Using Language Models through an API. Legal topic: regulation of the legal profession; unauthorized practice of law. Python and technical infrastructure review. Exercise: set up infrastructure (notebooks, dependency management, API keys) for the rest of the sequence. Practice extracting structured data from text and generating summaries.
Embeddings, classification, and retrieval. Legal topic: statutes, court opinions, and applying legal rules to facts. Exercise: implement a classifier for legal clauses in two ways (few-shot prompting and using kNN and embeddings). Implement a retrieval tool for legal texts.
Working with legal texts. Structural properties of legal texts: outlines, headings, citations, rules, and entities. Exercise: redo the example from first-week exercise (extracting citations and summarizing rules) in computer code.
Evaluation. Legal topic: professional ethics and use of technology (competence; confidentiality, privacy and security). Simple metrics and strategies for evaluating classification, retrieval, and quality of generated output. Exercise: characterize (a) classification performance on a simple labeled dataset, (b) retrieval performance, and (c) performance on generating summaries of legal rules.

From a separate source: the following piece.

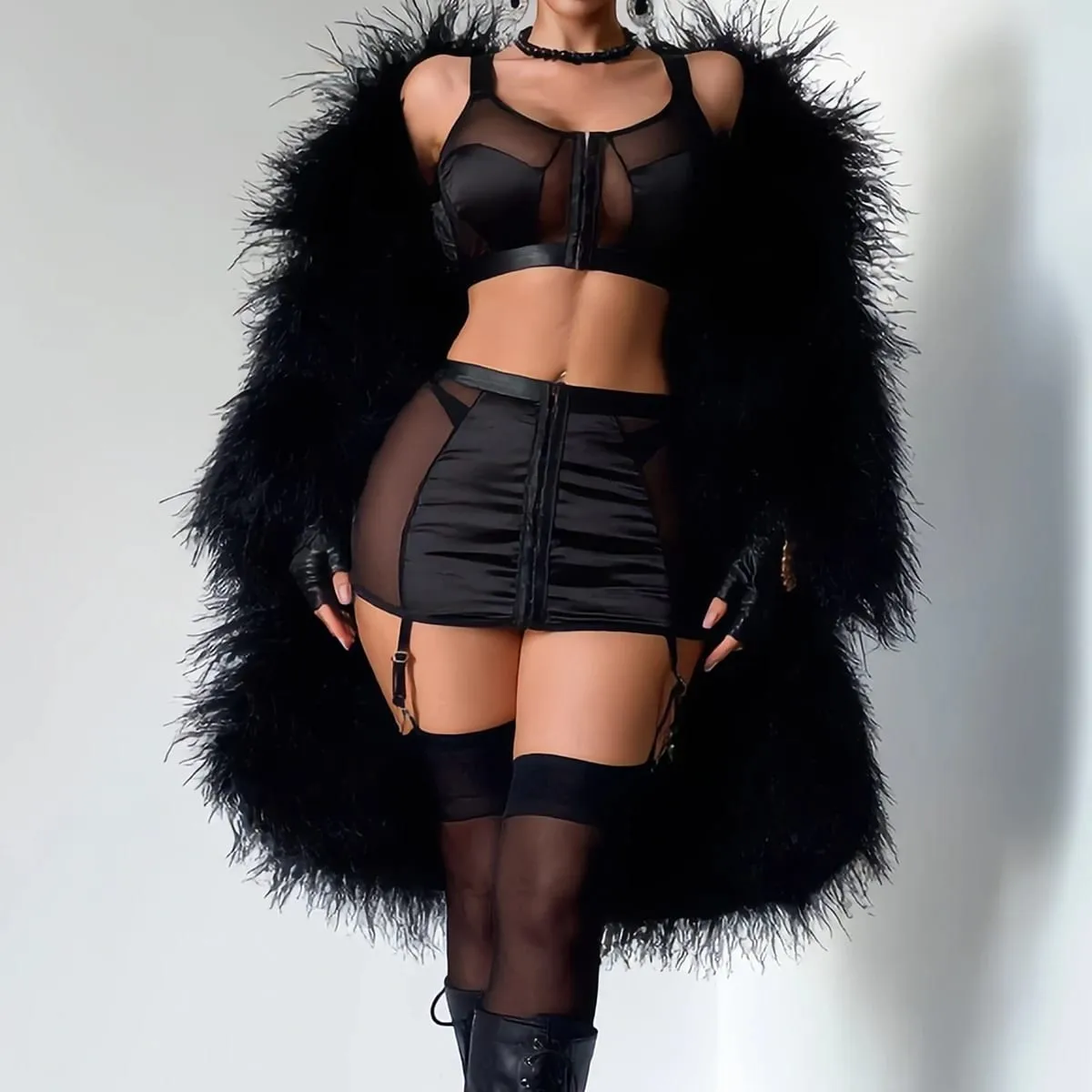 Diccvicc Black Satin Mesh Lingerie Set with Skirt Garter Belt Front Hook Crop Top Bra Lace Up Corset Back 3 Pieces Teddy Outfits — image 1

Logic, law, and automated reasoning. Classical propositional and predicate logic. Modal logic, defeasible logic, and temporal logic or situation/event calculus. Approaches to automated reasoning. Legal topic: civil law jurisdictions. Exercise: try evaluating legal propositions by ‘faking’ formal logic. Where do you draw the line between capturing relevant domain logic (the logic of a legal rule) and falling back on the language model’s sea of background knowledge? Compare results in toy examples to automated reasoning systems like the Z3 SMT solver or Prolog.
Tabular data. Legal topic: contracts and litigation discovery. Overview of commercial applications. Exercise: build a tabular analysis tool for collections of legal documents, building on the previous exercises.
Ethics & citation-checking. AI ethics: transparency, explainability and interpretability, biases, errors. Ethics of assistive tools for citations. Exercise: build a system that operates over a corpus of interlinked documents, checking citations to other documents in the corpus and checking that the references actually support the claims, and presenting results for human verification. Build a knowledge graph from the citations in a set of cases and a simple ‘Shepardizing’ tool.
Specifications & drafting aids. Legal topic: drafting a legal memo. Exercise: build a tool to aid drafting legal texts. Generated text should be a fragment of a legal document, based on a precedent, satisfying requirements (i.e., checked using a suite of specs or tests), and making claims grounded in cited authorities.
Fine-tuning. Legal topic: Regulation of AI. Basics of fine-tuning models using Axolotl or similar tools. Exercise: reimplement one of the functional elements you’ve built in previous modules (e.g., extracting citations) by fine-tuning a small model. Evaluate task performance as well as resource requirements; can you maintain quality while increasing speed and efficiency on the task?
Orchestration. Legal topic: Government and AI. Compare approaches to orchestrating AI functions: coding agents and skills, programming frameworks, tools & MCP. Exercise: create a legal agent for working with precedents, specifications, and authorities to produce fragments of legal text to serve as first drafts of a memo.